En el instante en que lo tocó, fue como si una señal silenciosa se propagara por el salón: todos los Señores del Yunque ocultos entre la multitud dirigieron su atención hacia ellos.
—Yo… no ro… —intentó decir, rodeado por todos lados e inmovilizado por alguien dos rangos completos por encima de él.
Pero antes de que pudiera terminar, Nymera se desplomó a sus pies.
Luego cayó otro. Y otro. Uno por uno, todos los Señores del Yunque cayeron sin vida al suelo.
Al otro lado de la sala, Ash observaba la escena con una sonrisa que no se molestó en ocultar.
Para él, los Señores del Yunque no eran más que una pequeña molestia.
Solo hizo falta una única activación de su Eclipse Cuántico. A medida que el poder florecía, su maná se extendió hacia fuera, cubriendo toda la Tierra del Tejido.

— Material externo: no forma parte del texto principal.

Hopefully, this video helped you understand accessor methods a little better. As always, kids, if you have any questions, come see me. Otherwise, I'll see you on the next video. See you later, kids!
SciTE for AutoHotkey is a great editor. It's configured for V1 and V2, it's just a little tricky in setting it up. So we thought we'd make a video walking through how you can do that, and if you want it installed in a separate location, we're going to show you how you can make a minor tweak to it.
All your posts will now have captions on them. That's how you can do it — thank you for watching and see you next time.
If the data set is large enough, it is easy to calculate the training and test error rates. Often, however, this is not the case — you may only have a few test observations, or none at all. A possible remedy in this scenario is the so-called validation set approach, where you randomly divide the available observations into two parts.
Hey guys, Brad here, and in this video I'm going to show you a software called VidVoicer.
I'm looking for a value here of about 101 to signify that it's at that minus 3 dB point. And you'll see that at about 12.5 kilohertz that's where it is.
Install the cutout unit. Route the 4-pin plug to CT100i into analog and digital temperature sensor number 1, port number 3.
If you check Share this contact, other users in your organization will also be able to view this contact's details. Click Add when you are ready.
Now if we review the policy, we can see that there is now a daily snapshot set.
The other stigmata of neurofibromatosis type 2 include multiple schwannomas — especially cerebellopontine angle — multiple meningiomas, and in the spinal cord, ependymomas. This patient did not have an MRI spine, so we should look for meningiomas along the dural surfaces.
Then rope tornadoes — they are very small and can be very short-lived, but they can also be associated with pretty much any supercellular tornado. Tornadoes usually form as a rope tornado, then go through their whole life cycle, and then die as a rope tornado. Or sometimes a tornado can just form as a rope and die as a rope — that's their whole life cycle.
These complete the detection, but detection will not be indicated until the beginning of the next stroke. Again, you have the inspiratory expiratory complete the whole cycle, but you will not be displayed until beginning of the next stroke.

No estaba seguro de cuántos Señores del Yunque estaban presentes, o cuántos podrían estar acechando en otros lugares.
Así que eligió el camino más sencillo.
Eliminó a todos los Señores del Yunque en las inmediaciones… y los que estaban en su dimensión de origen pronto los seguirían.
Simplemente separó sus almas de sus cuerpos.
Con una sola mirada… se desató una cascada de aniquilación.
Y con la ayuda del códice, algo así pasó desapercibido para los reunidos… Bueno, debería haberlo hecho, pero, una vez más, la Tierra del Tejido no era un reino compuesto por cultivadores normales.
Incluso los trascendentes más débiles de aquí podían luchar superando un rango principal.
No por trampas, ni por algún sistema externo como los Registros de la Eternidad, sino porque sus cimientos eran profundos: arraigados en facciones antiguas, pactos viejos y artefactos que precedieron a la mayoría de las civilizaciones.
Tales cosas —Ancestros, linajes ocultos, facciones profundas— nunca fueron preocupaciones por las que Ash se molestara.
Su método era simple: destruir por completo, tan rápida y exhaustivamente que nadie tuviera la oportunidad de invocar a un Ancestro.
Pero esta vez fue diferente.
Estos seres no eran del tipo que se creían tan arrogantes como para pensar que nada podía hacerles daño.
Así que, en caso de que algo sucediera… sus muertes podían ser rastreadas.
Sus almas estaban atadas a artefactos diseñados con un único propósito: alertar a su dimensión de origen en el momento en que murieran.
Y a diferencia de otras veces, Ash estaba… bueno, un poco absorto en sus propios asuntos. Y no destruyó a los Señores del Yunque hasta reducirlos a la nada.
Principalmente porque… no era su problema. Mantuvo su palabra… y eso fue todo.
Pero cuando Ash separó sus almas en un instante…
Allá en la Dimensión 8… Pike lo sintió.
—-
Una música lenta se deslizaba por el salón, del tipo que se enroscaba alrededor de los bailarines como humo cálido.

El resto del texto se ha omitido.